Other pineapple-throwing misfortune: my flatmate once threw a pineapple to me, only for it to go astray and hit a deaf bloke, knocking his hearing aid out. Proper fist in mouth stuff.
 
D

droid

Guest
Ive long suspected it, but this thread has confirmed it for me.

People who throw things at other people need a good slap.
 

jenks

thread death
you win - thread should now be locked!

I have been repeatedly giggling to myself over the hearing aid story for the last ten minutes
 

IdleRich

IdleRich
One of my friends was staying at my house last night 'cause he was working for a couple of days as a classroom assistant in a fairly naughty school in West London. At the end of break the kids (who are about seven years old on average) refused to come back in and Nick was sent to gather them. He soon had to retreat under a hail of stones - three of which hit him on the head. At the end of the day someone also threw a glass of orange squash all over him.
 

Dr Awesome

Techsteppin'
As a child, I remember going to visit our friends farm out in the whops. Me and my younger brother were playing (fighting) as young boys do. Anyway I picked up a small rock which I thought was dry clay or sandstone or something from a recently moved earthen embankment and threw it him from about 15m away. It hit him just a whisker above his right eye, catching the side of his face near his temple and tearing a fingernail sized piece of flesh off as it went.
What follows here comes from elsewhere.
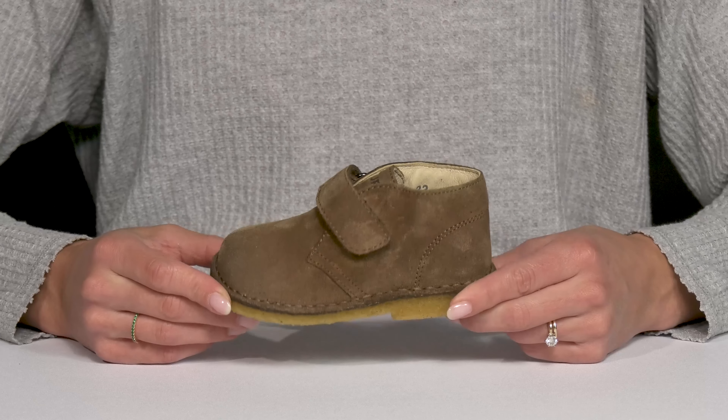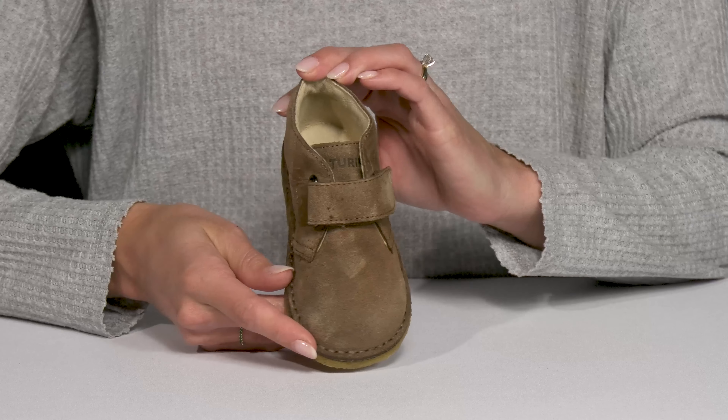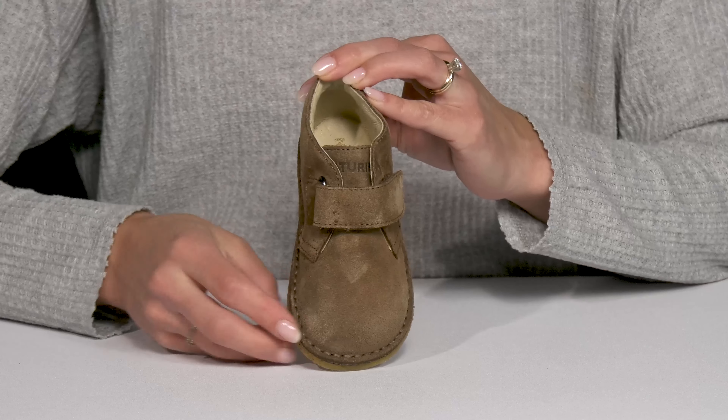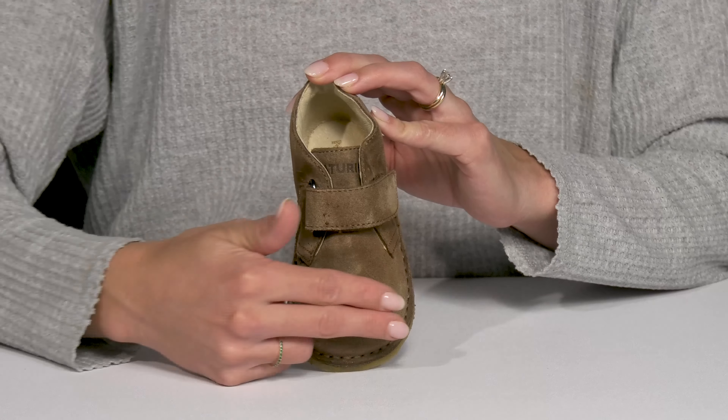Your little cutie is going to look awesome in these chukka boots this fall. These are from Naturino and they do feature a suede upper. I like the nice broad toe — it's going to feel nice and roomy in there. Plus it's going to offer a secure fit with that adjustable closure.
Years later in college karma got it's way however, it was some sort of mufty day and my friend went all out and hired a giant orange costume (as in, the fruit). I was walking next to him during lunch time when out of nowhere a large apple smashed into the back of my head (so hard it exploded turned into mush) and as I stumbled forward I turned to see my attacker, only to get hit in the eye with an orange. My school bag bore the full impact of a old banana which disintegrated and covered the outside of it with slime.
It turned out we walked into a fruit ambush aimed at my friend, but because he was wearing a giant suit with only his arms and legs exposed everything bounced harmlessly off him, whilst I got pelted.
I got a big black eye from the orange and a nasty bruise/concussion from the apple. And for the rest of he day I smelt like fruit juice and was pulling bits of apple mush from my hair.
Mum and Dad didn't believe me when I came home and tried to explain the black eye and swollen head either.
 
Last edited:

STN

sou'wester
I should point out that he didn't mean to harm next-door's greenhouse and was mortified to have done so - he just wanted to see how high he could chuck the pineapple.
 
D

droid

Guest
when are you next playing london?

I might be over in October - if the plane manages to evade the barrage balloons of mouldy pineapple over London.